Exercise details
Each line in the data holding "cách" should be listed.

Input records

○ ○ ○ ○ ○

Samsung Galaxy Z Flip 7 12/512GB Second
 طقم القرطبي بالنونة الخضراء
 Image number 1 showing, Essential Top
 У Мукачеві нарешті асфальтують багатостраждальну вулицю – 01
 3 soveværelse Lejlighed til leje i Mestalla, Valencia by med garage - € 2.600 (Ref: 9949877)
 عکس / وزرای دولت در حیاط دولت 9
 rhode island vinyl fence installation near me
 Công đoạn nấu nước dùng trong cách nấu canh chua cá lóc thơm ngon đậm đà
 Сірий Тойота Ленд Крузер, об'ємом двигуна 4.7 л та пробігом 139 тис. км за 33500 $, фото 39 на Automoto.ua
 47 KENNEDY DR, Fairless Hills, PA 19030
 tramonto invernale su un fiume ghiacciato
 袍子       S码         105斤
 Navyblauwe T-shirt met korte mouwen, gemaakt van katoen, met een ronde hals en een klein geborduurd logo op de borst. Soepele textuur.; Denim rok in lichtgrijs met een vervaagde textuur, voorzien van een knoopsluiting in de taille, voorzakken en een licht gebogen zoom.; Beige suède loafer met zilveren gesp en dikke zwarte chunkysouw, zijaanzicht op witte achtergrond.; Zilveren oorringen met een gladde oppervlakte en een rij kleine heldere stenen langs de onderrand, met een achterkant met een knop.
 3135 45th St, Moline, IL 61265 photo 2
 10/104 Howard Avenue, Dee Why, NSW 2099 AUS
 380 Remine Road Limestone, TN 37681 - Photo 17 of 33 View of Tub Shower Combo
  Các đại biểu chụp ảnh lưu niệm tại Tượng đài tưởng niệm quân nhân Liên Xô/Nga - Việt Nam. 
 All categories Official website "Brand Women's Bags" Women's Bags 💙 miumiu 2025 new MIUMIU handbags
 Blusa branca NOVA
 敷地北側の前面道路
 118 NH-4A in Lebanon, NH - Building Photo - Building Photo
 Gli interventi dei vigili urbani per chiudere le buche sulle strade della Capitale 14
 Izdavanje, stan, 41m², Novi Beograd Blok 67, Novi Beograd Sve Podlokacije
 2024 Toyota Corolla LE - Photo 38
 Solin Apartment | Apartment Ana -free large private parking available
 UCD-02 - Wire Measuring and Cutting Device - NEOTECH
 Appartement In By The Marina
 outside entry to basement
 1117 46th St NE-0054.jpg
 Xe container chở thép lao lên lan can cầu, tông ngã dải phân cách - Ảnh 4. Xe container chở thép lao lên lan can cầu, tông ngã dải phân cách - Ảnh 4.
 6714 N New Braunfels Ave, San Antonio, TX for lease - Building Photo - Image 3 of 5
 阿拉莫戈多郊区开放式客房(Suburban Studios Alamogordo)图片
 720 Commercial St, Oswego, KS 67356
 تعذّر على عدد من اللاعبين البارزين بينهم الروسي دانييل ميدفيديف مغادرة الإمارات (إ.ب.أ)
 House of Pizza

○ ○ ○ ○ ○

Answer
 Công đoạn nấu nước dùng trong cách nấu canh chua cá lóc thơm ngon đậm đà
 Xe container chở thép lao lên lan can cầu, tông ngã dải phân cách - Ảnh 4. Xe container chở thép lao lên lan can cầu, tông ngã dải phân cách - Ảnh 4.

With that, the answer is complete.